● What is needed
Set down the data below exactly; pictures stay out.

● Data excerpt
>>>>>

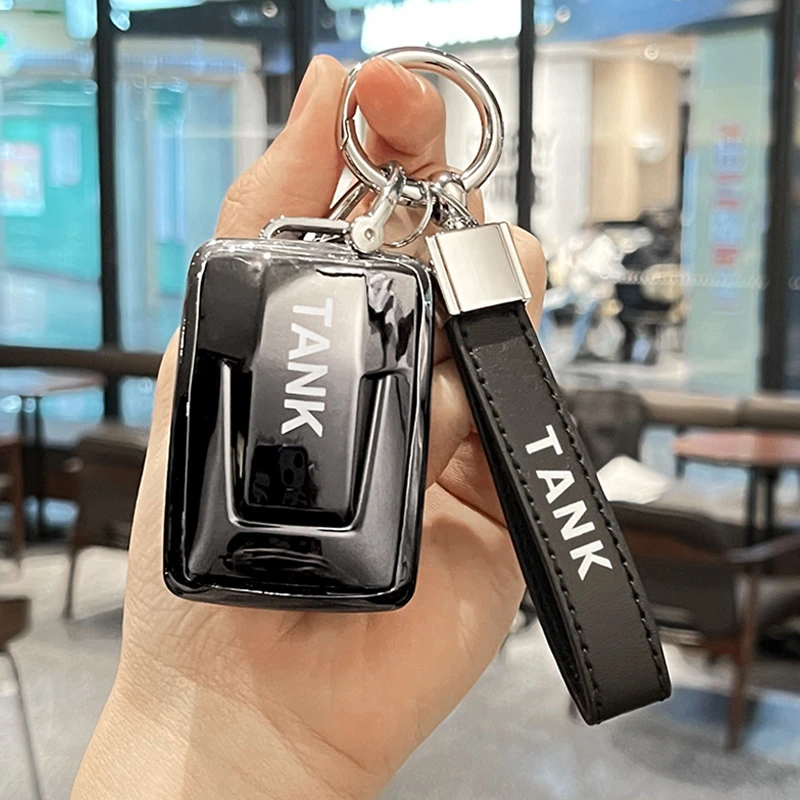 2023款坦克300钥匙套渐变改装全包壳三百越野版赛博坦克500装饰扣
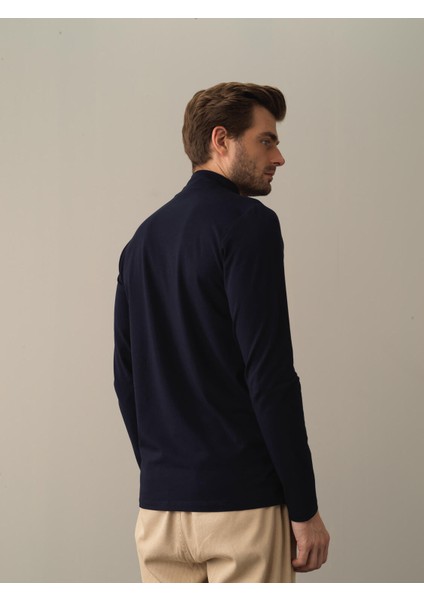 Erkek Lacivert Slim Fit Modal Basic Tişört indirimleri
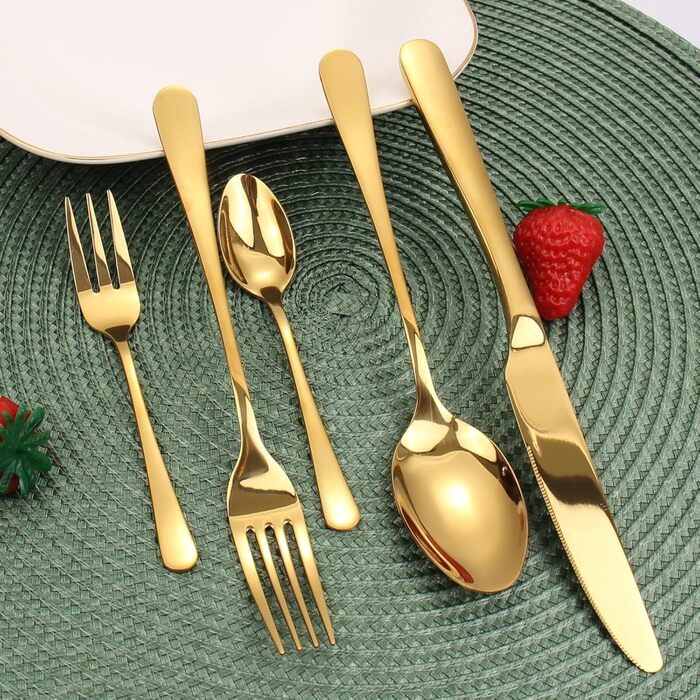 Gold Cutlery Set 12 People, 60-Piece Cutlery Set Gold Stainless Steel, Shiny Gold Cutlery Set with Knife, Fork, and Spoon, High-Quality Table Cutlery, High-Gloss Polished & Dishwasher Safe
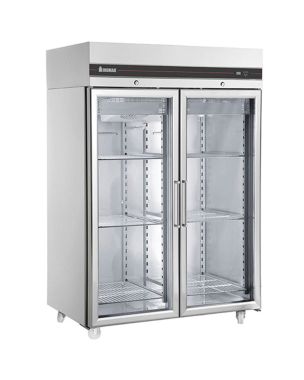 Upright Double Hinged Glass Door Heavy Duty Freezer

<<<<<

● Result below
 2023款坦克300钥匙套渐变改装全包壳三百越野版赛博坦克500装饰扣
 Erkek Lacivert Slim Fit Modal Basic Tişört indirimleri
 Gold Cutlery Set 12 People, 60-Piece Cutlery Set Gold Stainless Steel, Shiny Gold Cutlery Set with Knife, Fork, and Spoon, High-Quality Table Cutlery, High-Gloss Polished & Dishwasher Safe
 Upright Double Hinged Glass Door Heavy Duty Freezer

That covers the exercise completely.